Promoting Sustainable Bamboo Harvesting and Improving Incomes in Ghana
14 August 2020 ─ INBAR’s West Africa Regional Office in Ghana is training community bamboo harvesters in the country as part of activities to promote sustainable management and harvesting of Ghana’s bamboo resources under the Inter-Africa Bamboo Smallholder Development Programme. The training aims at equipping bamboo harvesters with the necessary knowledge and skills to ensure sustainable harvesting, as well as facilitating market linkages between harvesters and retailers to improve incomes.

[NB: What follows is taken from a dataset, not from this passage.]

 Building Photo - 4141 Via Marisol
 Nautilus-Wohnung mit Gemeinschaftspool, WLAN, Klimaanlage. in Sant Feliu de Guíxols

Ghana’s bamboo is predominately distributed in the wild along the southern parts of the country. The harvesting and use of bamboo culms for furniture production and scaffolds for construction is a common sight in the country. In some rural fishing communities, bamboo culms are put together and used as rafts during fishing.
The growing demand for bamboo culms for various uses in the country has created viable business opportunities for harvesters and smallholder bamboo farm owners along the value chain. Unfortunately, most bamboo stands found in the wild are not managed and the approach applied by harvesters in extracting the resource, degrades and lowers the regenerating rate of new bamboo shoots. This situation is partly due to inadequate knowledge on sustainable bamboo harvesting and management on the part of harvesters. In some cases, both young and matured bamboo culms are harvested together resulting in the destruction of many bamboo clumps.
To ensure sustainable management and continuous bamboo resource availability, INBAR’s West Africa Regional Office in Ghana has started a technical training series for bamboo harvesters in rural communities on proper harvesting methods in the Ashanti, Eastern and Western regions of Ghana. The training is part of activities under the Inter-Africa Bamboo Smallholder Farmers Livelihood Development Programme supported by IFAD and is expected to reach about 1000 bamboo harvesters within bamboo hotspot communities in Ghana.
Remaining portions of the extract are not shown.